Various commentaries are now being made about Angelo Persichilli’s appointment as Stephen Harper’s new communications director. Toronto-based Persichilli has covered federal politics in his columns for the Toronto Star, the Hill Times and in the Italian-Canadian newspaper Corriere Canadese, among others, for years. He has also been a commentator and news director at the multilingual Omni-TV.
Toronto Star columnist Chantal Hebert writes, “(His hiring is part of a) larger strategy that has seen the government bypass the parliamentary press gallery to spread and massage its message in the less-filtered but well-attended environment of the local media. …But Persichilli’s recruitment also compounds what amounts to the party’s greatest election failure in the shape of its abysmal absence in Quebec. At a time when the province is opening up to the federalist parties for the first time in decades, the first post-election addition to the senior ranks of the PMO cannot speak French and has a track record of lamenting Quebec’s influence on national affairs. …(Furthermore, Persichilli) a bit more than a year ago…opined that there were too many francophones on and around Parliament Hill.”
Globe and Mail columnist Jane Taber writes, “So what to make of Mr. Persichilli’s appointment as the Harper Conservatives approach their first full season as a majority government? Many believe it signals a new direction in tone and tactics.

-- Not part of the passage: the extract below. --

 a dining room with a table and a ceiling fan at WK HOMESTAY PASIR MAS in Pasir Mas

Mr. Soudas’s blind loyalty to the Prime Minister caused friction between the PMO and national media. One Tory close to the search for the new DComm noted that putting in someone who isn’t seen as a big-C Conservative in a position so close to Mr. Harper is a relaxation of the partisanship that has characterized this PMO. It’s an appointment too, a veteran Tory MP says, that appeals to the broader public. Mr. Persichilli knows how to communicate, the MP says, through both conventional and ethnic media. …His work…in the ethnic media…is what likely sealed the deal. The Harper Tories have aggressively courted ethnic Canadians, and their work paid off with their successes in Toronto in the May 2 election.”

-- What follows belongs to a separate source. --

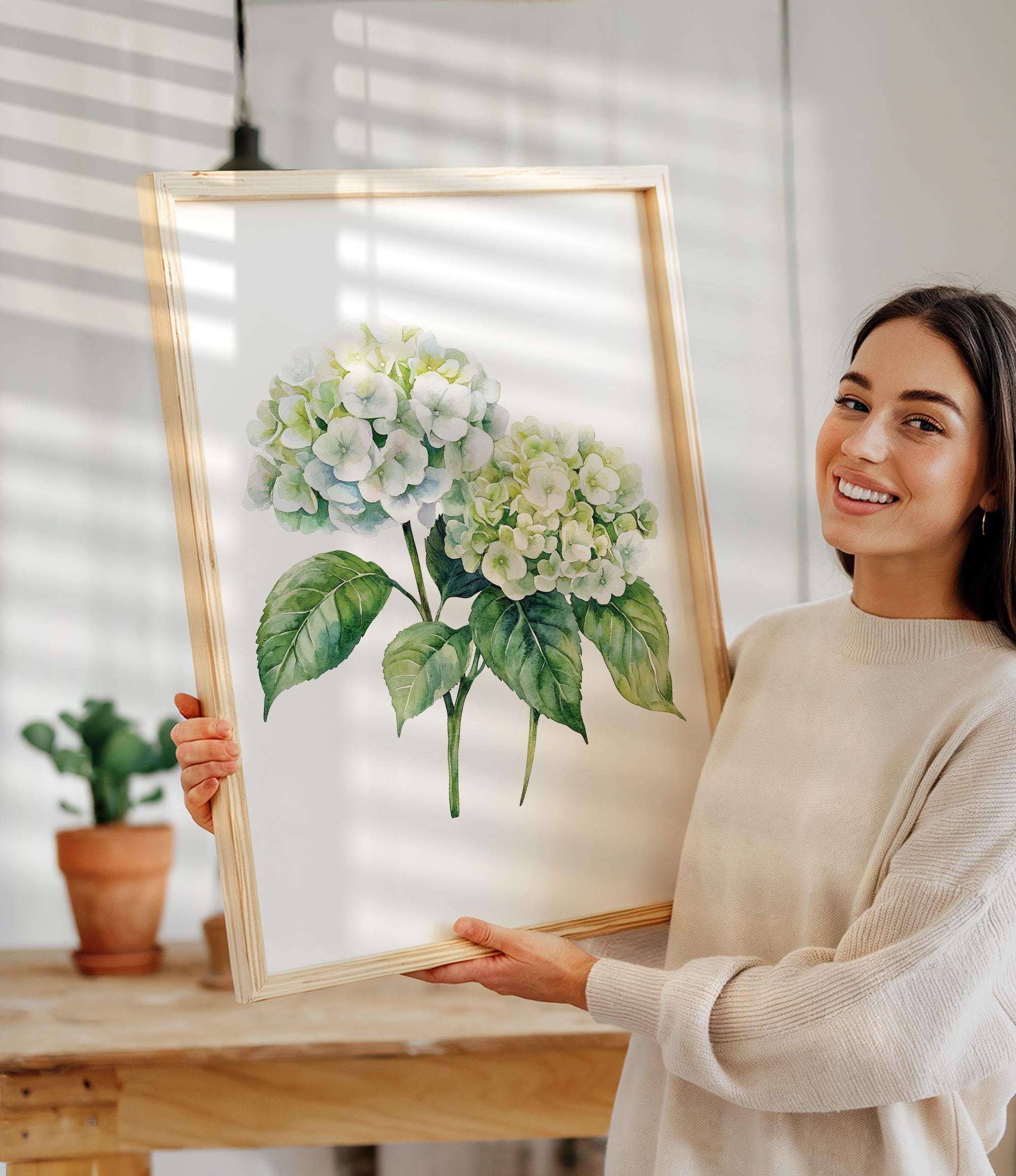 A woman is holding up a framed painting of a white hydrangea flower on a wooden table.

Macleans columnist Paul Wells writes, “Conservatives who tell me they’re really excited about Persichilli’s appointment point not to his sometimes pretty impressionistic columns in the Star but to his c.v., which includes a stint as news director for newscasts of several different languages at Omni TV. Omni, and the Chinese television juggernaut Fairchild, and Punjabi talk radio, and the daily Tsing Tao and Ming Pao newspapers, figure ever higher on the Conservative priority list. Their audience numbers are really high. Their audiences don’t get a lot of news anywhere else — Star readers read the Sun (no really, they do, or many do) and listen to satellite radio and got misty when Lloyd Robertson signed off last night and may have a few blogs they like. Ming Pao readers read Ming Pao.”

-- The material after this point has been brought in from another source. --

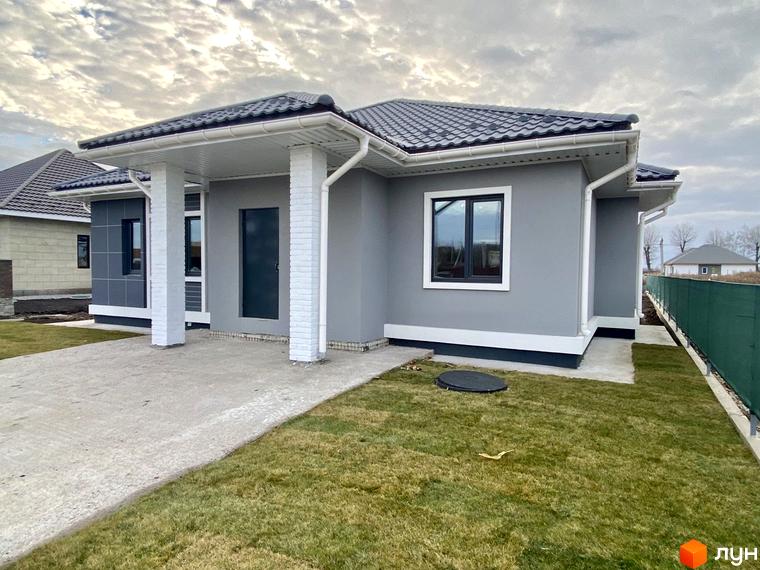 Котеджне містечко Крушинка Парк: одноповерховий будинок сірого кольору з білими колонами та темним дахом. Навколо доглянутий газон та бетонна доріжка.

For our part, we ‘welcomed’ Persichilli’s appointment in the hope that it is “a sign the government will take a strong stand against unreasonable patent extension demands by the European Union in ongoing free trade negotiations with Canada.” In his October 31, 2010 Toronto Star column criticizing patent term extensions and other protections for brand name drug companies demanded by the EU in the Comprehensive Economic and Trade Agreement negotiations with Canada, Persichilli wrote, “If the pharmaceutical companies get what they want, billions of dollars will be taken out of our pockets and redirected straight into their bank accounts. …It appears that European multinationals want to extend the patent rights from 20 years to 25 and, if the government refuses, they will no longer invest billions of dollars in Canada on research and development, jeopardizing thousands of jobs. …In a normal business, I would say that this [the EU] negotiating tactic was harsh but acceptable. But negotiating for profit by playing with the lives of human beings is repugnant. …For profit, multinationals want to bring prosperity — in the form of investment — to a country where prosperity already exists, while at the same time ignoring countries where people die because they don’t have money to satisfy the multinationals’ inhumane thirst for profit. …Will the government stand up for Canadians?”
Hebert, Taber, Wells along with Postmedia News’ Stephen Maher, the Toronto Sun‘s Brian Daily, and the Canadian Press’ Jonathan Montpetit have all written about Persichilli’s appointment. Who will be the first to ask him his own question, “Will the government stand up for Canadians” on CETA and drug patents?